Merci Onda Cero. Merci Julia Otero. Merci Jorge Valdano. Et bien sûr, merci à mon ami Andoni Zubizarreta. Quelle heure propre, quelle belle heure, quelle heure attrayante, divertissante, amusante et illustrative. Quel discours unique. Merci, merci, merci. C'est tellement à la mode, non ? celui de s'entendre et de s'écouter quand on le souhaite, en se connectant au 'postcast', Je sais que vous aurez un peu de temps, ce week-end, s'il vous plaît, faites-le, ne le manquez pas, et cherchez la merveilleuse conversation que Valdano et 'Zubi', deux énormes footballeurs, deux êtres merveilleux, deux énormes illuminés et, surtout, deux grands amis, ont eu il y a quelque temps avec la gentille et incomparable Julia Otero. Écoutez, je vais décrire deux traits qui pourraient vous encourager à les rechercher. J'insiste, ne le manquez pas, s'il vous plaît.

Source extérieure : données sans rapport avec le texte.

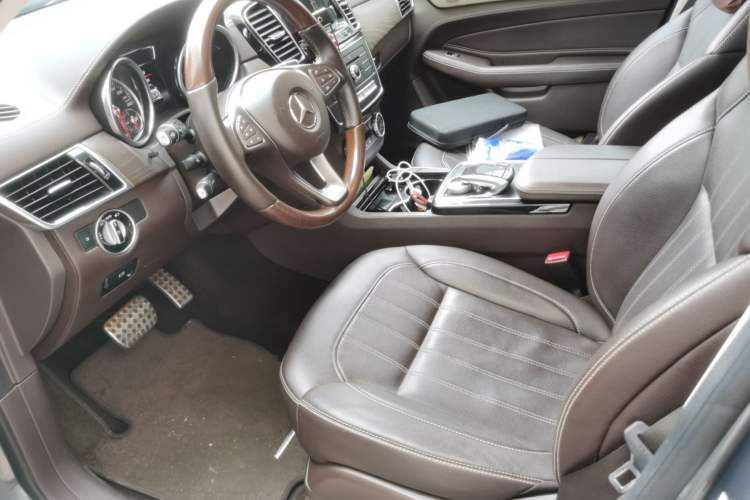 Used Mercedes-Benz GLE-Class 2018 GLE 400 4MATIC U.S. specification Left Front Seat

« Tout va déjà trop vite, tout est cherché et voulu dans un « maintenant ! et personne ne pense à la façon dont cette vitesse affecte l'entraînement du footballeur, de l'athlète en général », a commenté Zubizarreta, je ne sais pas si au début, mais juste après le début de la conférence. « Et je vais te dire quelque chose, Julia, et je suis sûr que Jorge partage l'idée : l'athlète, je ne dis plus le footballeur, est meilleur quand l'être humain est meilleur. »
Wembley, oui
Et cela a été dit, wow, par un gardien de but, qui est, dit-on, la créature la plus étrange du football. « En effet », a poursuivi 'Zubi', « les gardiens sont des gens avec une vie curieuse et les gardiens gauchers sont encore plus rares, plus étranges, presque des spécimens. À tel point que notre succès dépend du but d'un de vos coéquipiers. Juste comme ça. Pensons à Wembley, oui, Wembley. J'ai fait, je pense, deux ou trois arrêts valables, mais son Ronald (Koeman) ne marque pas celui-là. grand but, à la 111e. minute, tout se serait soldé par un échec, y compris mes bons arrêts.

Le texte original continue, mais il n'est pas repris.